- IOC code: BRA
- NOC: Brazilian Sports Confederation

in Paris
- Competitors: 12 (12 men) in 4 sports
- Flag bearer: Alfredo Gomes
- Medals: Gold 0 Silver 0 Bronze 0 Total 0

Summer Olympics appearances (overview)
- 1920; 1924; 1928; 1932; 1936; 1948; 1952; 1956; 1960; 1964; 1968; 1972; 1976; 1980; 1984; 1988; 1992; 1996; 2000; 2004; 2008; 2012; 2016; 2020; 2024;

= Brazil at the 1924 Summer Olympics =

Brazil was represented at the 1924 Summer Olympics in Paris, France by the Brazilian Sports Confederation.

In total, 12 athletes – all men – represented Brazil in four different sports including art, athletics, rowing and shooting.

==Background==
The Brazilian Sports Confederation was formed in 1914 and became affiliated with the Olympics (the Brazilian Olympic Committee would later become recognised by the International Olympic Committee (IOC) in 1935). After World War I, Brazil made its Olympic debut at the 1920 Summer Olympics in Antwerp, Belgium. A delegation of 19 athletes was sent to the games and they were relatively successful with Brazil winning three medals – one gold, one silver and one bronze.

==Competitors==
In total, 12 athletes represented Brazil at the 1924 Summer Olympics in Paris, France across four different sports.

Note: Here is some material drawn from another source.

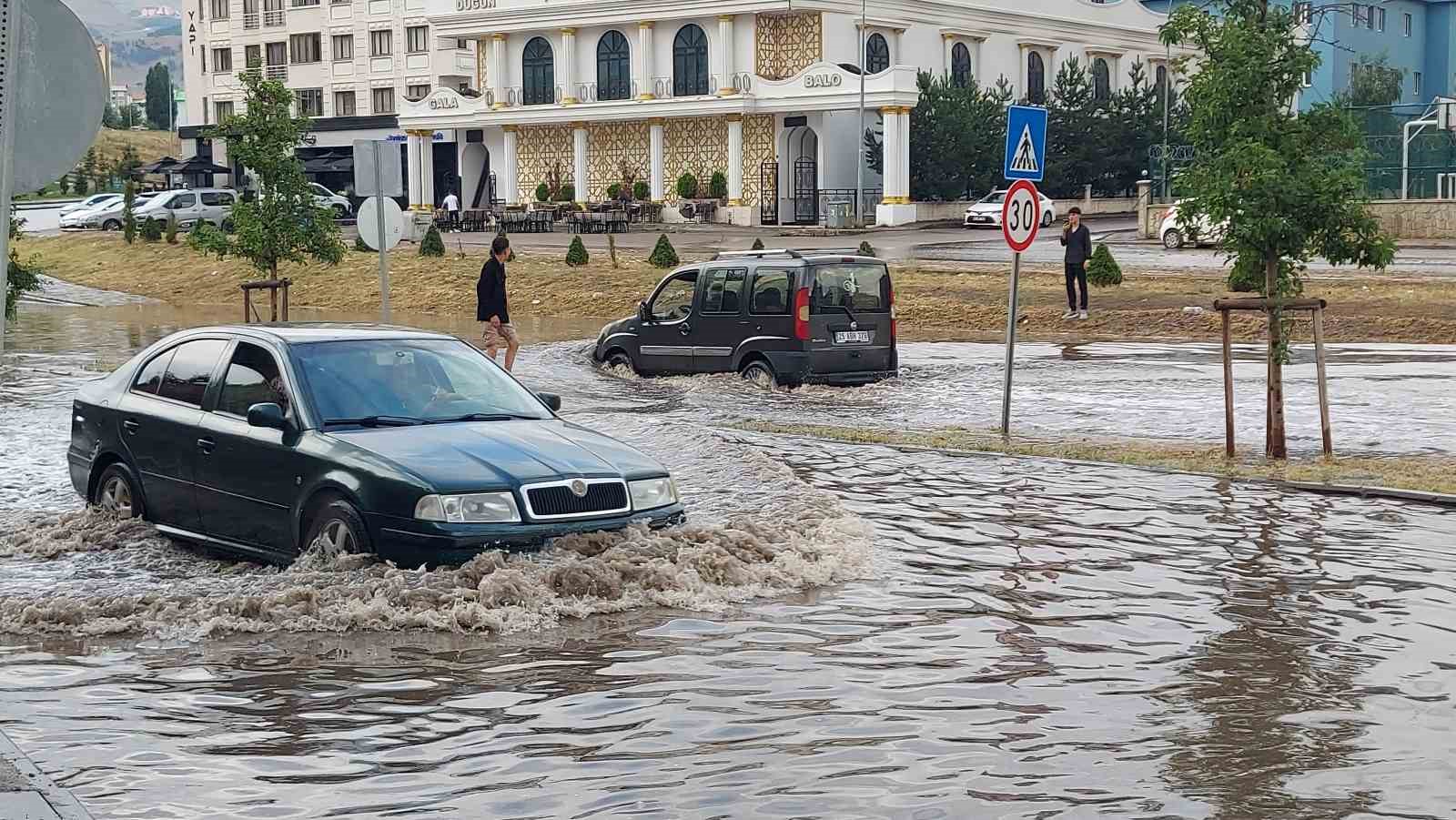Erzurum'da Kısa Sürede Yağmur, Trafiği Çökertti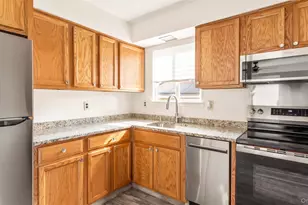 567 Boxwood Dr, Shirley, NY 11967 - Photo 8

| Sport | Men | Women | Total |
|---|---|---|---|
| Art | 1 | 0 | 1 |
| Athletics | 8 | 0 | 8 |
| Rowing | 2 | 0 | 2 |
| Shooting | 1 | 0 | 1 |
| Total | 12 | 0 | 12 |

==Art==

In total, one Brazilian athlete participated in the art competitions – L. Alvar da Silva in the literature category.

==Athletics==

In total, eight Brazilian athletes participated in the athletics events – Alvaro de Oliveira Ribeiro in the men's 100 m and the men's 200 m, Narciso Costa in the men's 400 m and the men's 800 m, Alfredo Gomes in the men's 5,000 m and the men's individual cross country, Alberto Byington in the men's 110 m hurdles, José Galimberti in the men's shot put and the men's discus throw, Octávio Zani in the men's shot put, the men's discus throw and the Hammer throw, Willy Seewald in the men's javelin throw and Eurico de Freitas in the men's pole vault.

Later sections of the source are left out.